Twyla Carter, New York, NY (Natalie Rea of counsel), for appellant.
Melinda Katz, District Attorney, Kew Gardens, NY (Johnnette Traill, Nancy Fitzpatrick Talcott, and Michael Tadros of counsel), for respondent.
ANGELA G. IANNACCI, J.P., CHERYL E. CHAMBERS, PAUL WOOTEN, LILLIAN WAN, JJ.
DECISION & ORDER
Appeal by the defendant from an order of the Supreme Court, Queens County (Elisa S. Koenderman, J.), dated August 25, 2014, which, after a hearing, designated him a level two sex offender pursuant to Correction Law article 6–C.
ORDERED that the order is affirmed, without costs or disbursements.

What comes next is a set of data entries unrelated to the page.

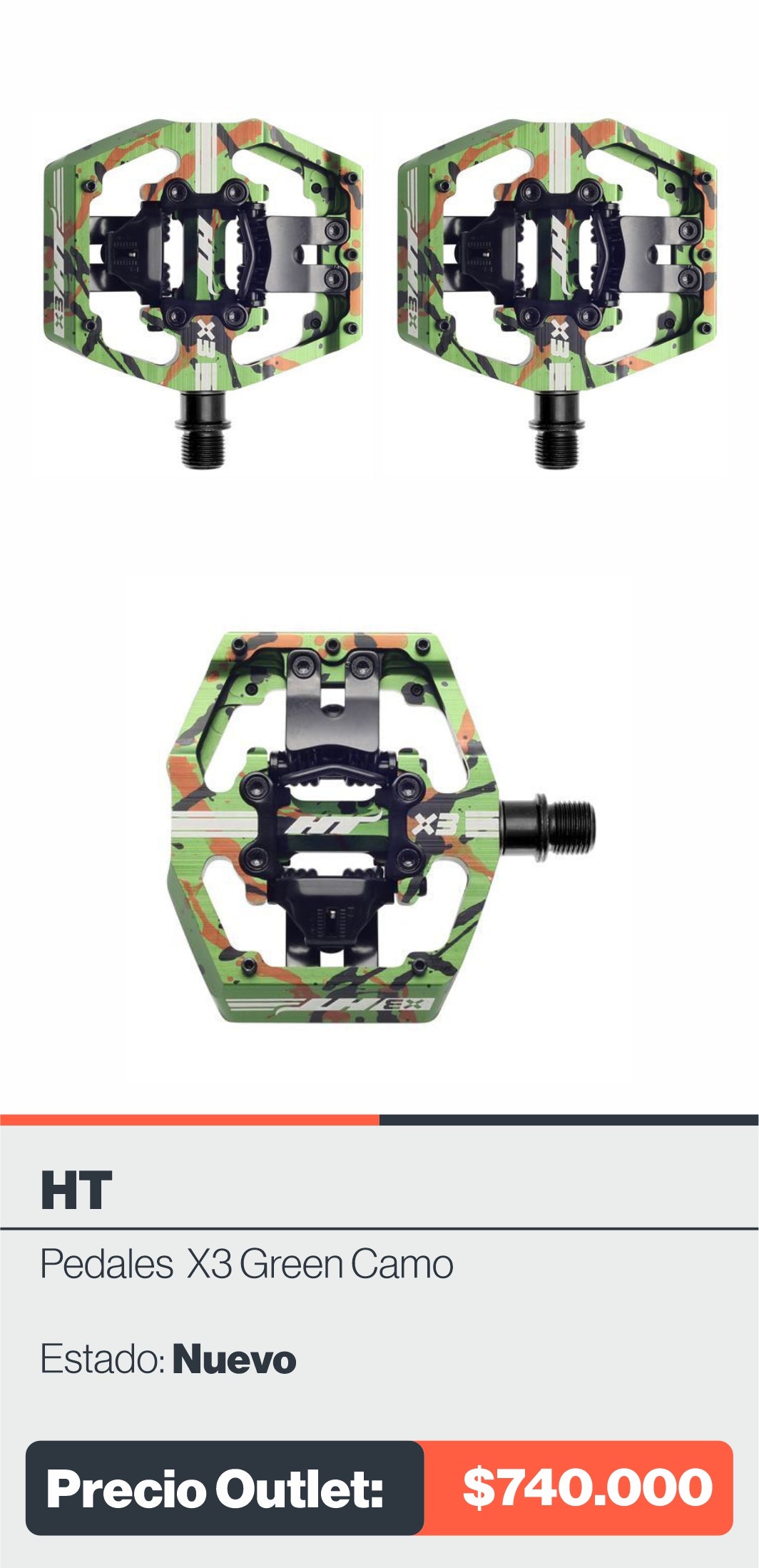 PEDALES HT X3 GREEN CAMO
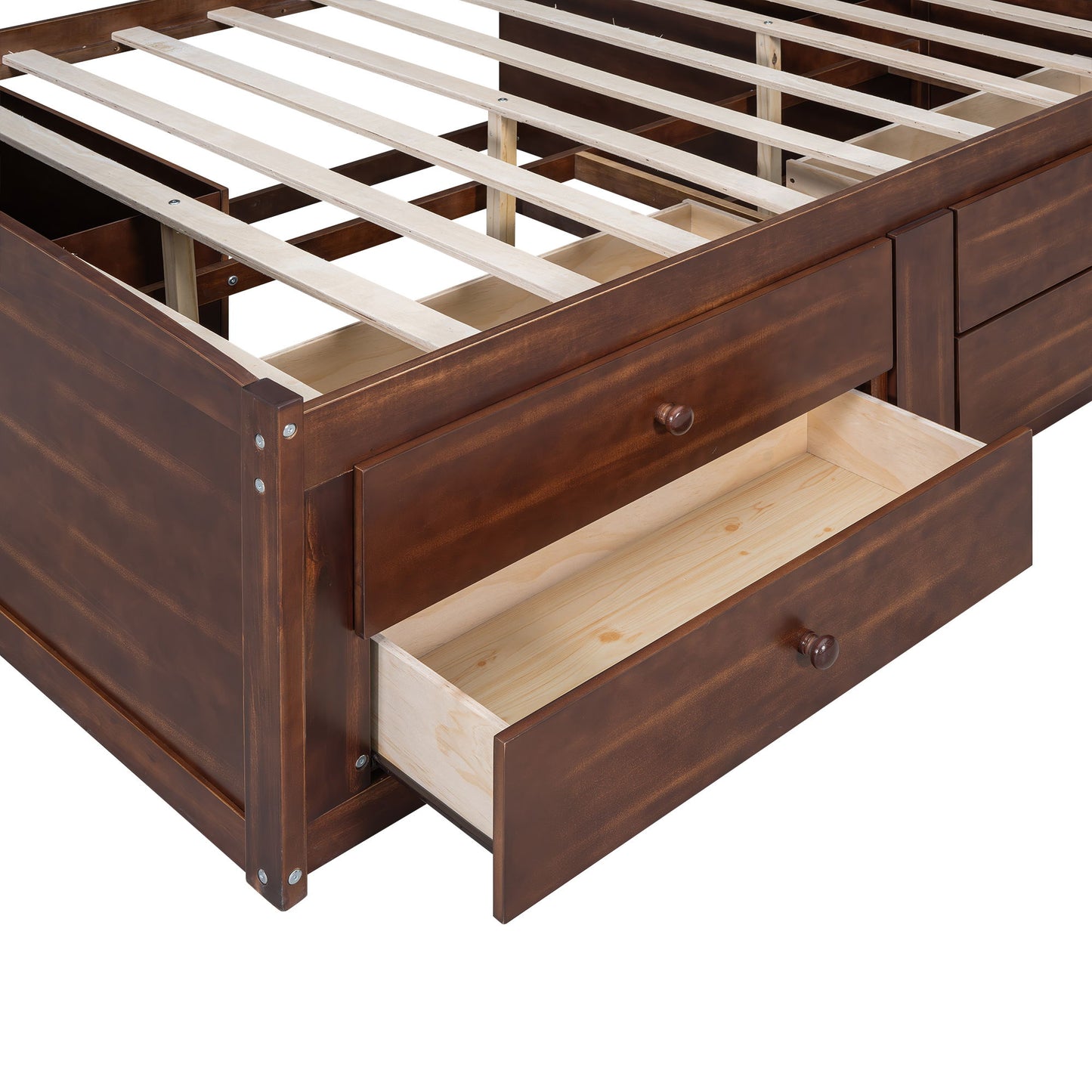 Full Size Captain Bed With Built In Storage Shelves, 4 Drawers And 2 Cabinets - Antique Brown - The Sleep Loft - Online Mattress Showroom NYC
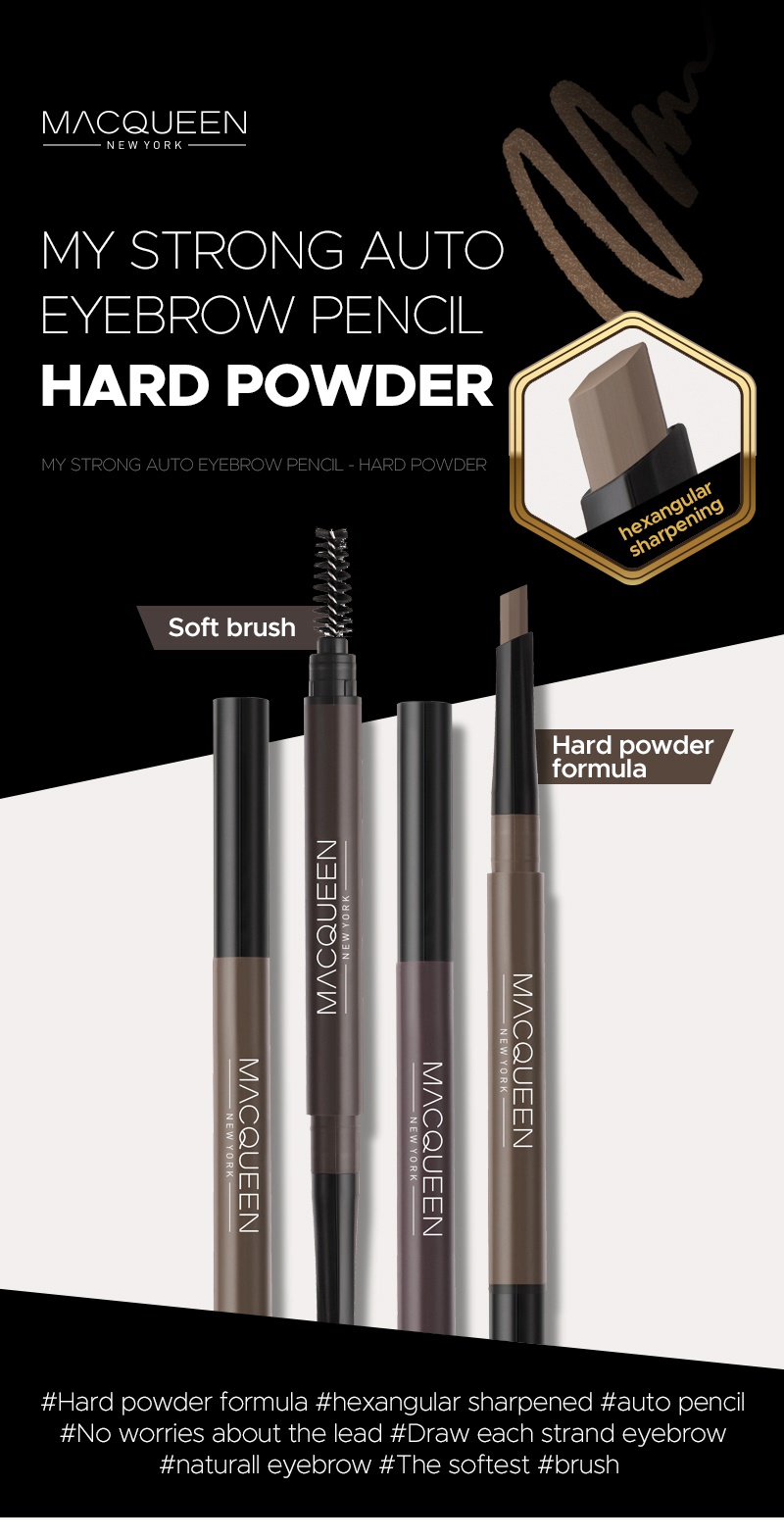 MACQUEEN - Mon Fort Auto, Crayon sourcils dur en poudre - 0.35g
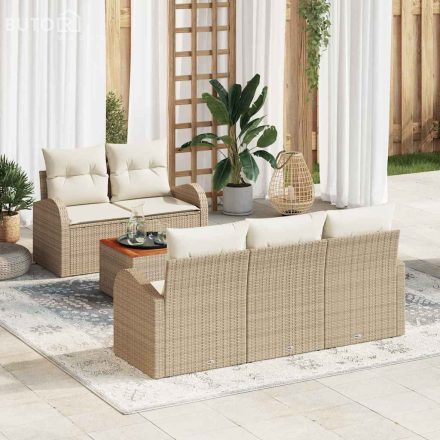 vidaXL Kerti Kanapé Szett 6 pcs Beige, fehér
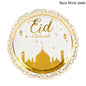 Eid Mubarak Disposable Tableware Gold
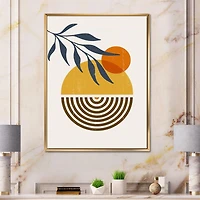 Designart Botanical Minimalist Leaf With Abstract Shapes IV FLOAT FRAME WALL ART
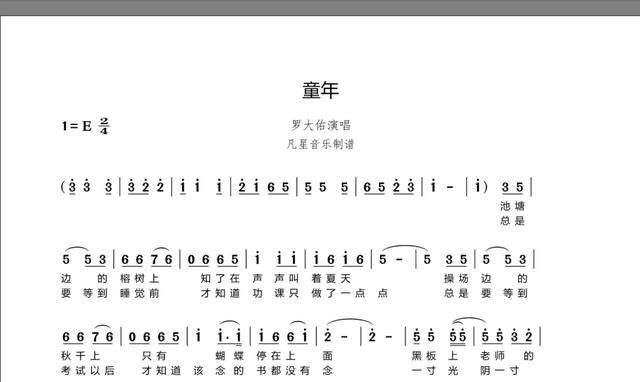 "童年罗大佑钢琴简谱童年钢琴谱-罗大佑-完美版-琴艺谱罗大佑简谱发布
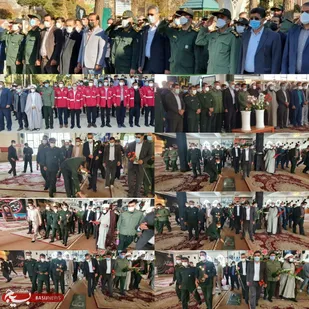 تجدید پیمان مسئولان با شهدا/ قبور مطهر شهدای شهر یاسوج گلباران شد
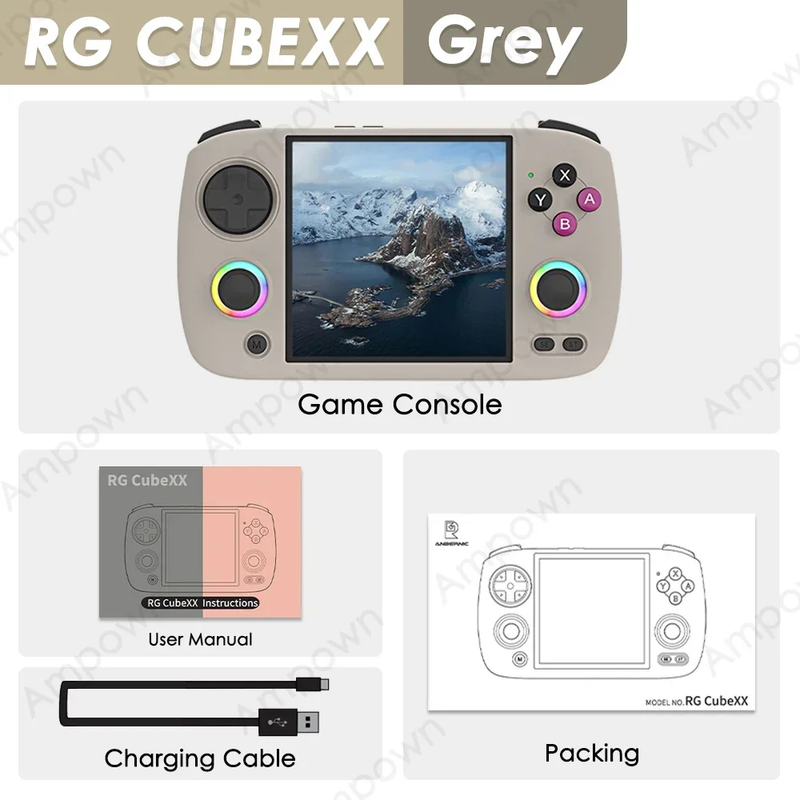 RG CUBEXX Handheld Game Console 3.95''IPS Screen Linux System Video Output Wiliw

The defendant was convicted, upon his plea of guilty, of rape in the first degree (Penal Law § 130.35[3]). After a hearing pursuant to the Sex Offender Registration Act (Correction Law art 6–C; hereinafter SORA), the Supreme Court assessed the defendant a total of 75 points, which corresponded with a designation as a presumptive level two sex offender. The court denied the defendant’s application for a downward departure from the presumptive risk level and designated him a level two sex offender. The defendant appeals.
[1] "An offender seeking a downward departure from the presumptive risk level has the initial burden of (1) identifying, as a matter of law, an appropriate mitigating factor, namely, a factor which tends to establish a lower likelihood of reoffense or danger to the community and is of a kind, or to a degree, that is not otherwise taken into account by the Guidelines, and (2) establishing the facts in support of its existence by a preponderance of the evidence" (People v. Curry, 158 A.D.3d 52, 58, 68 N.Y.S.3d 483; see Sex Offender Registration Act: Risk Assessment Guidelines and Commentary at 4 [2006] [hereinafter Guidelines]; People v. Gillotti, 23 N.Y.3d 841, 861, 994 N.Y.S.2d 1, 18 N.E.3d 701). "If the defendant makes that twofold showing, the court must exercise its discretion by weighing the mitigating factor to determine whether the totality of the circumstances warrants a departure to avoid an overassessment of the defendant’s dangerousness and risk of sexual recidivism" (People v. Bigelow, 175 A.D.3d 1443, 1444, 107 N.Y.S.3d 406; see People v. Gillotti, 23 N.Y.3d at 861, 994 N.Y.S.2d 1, 18 N.E.3d 701).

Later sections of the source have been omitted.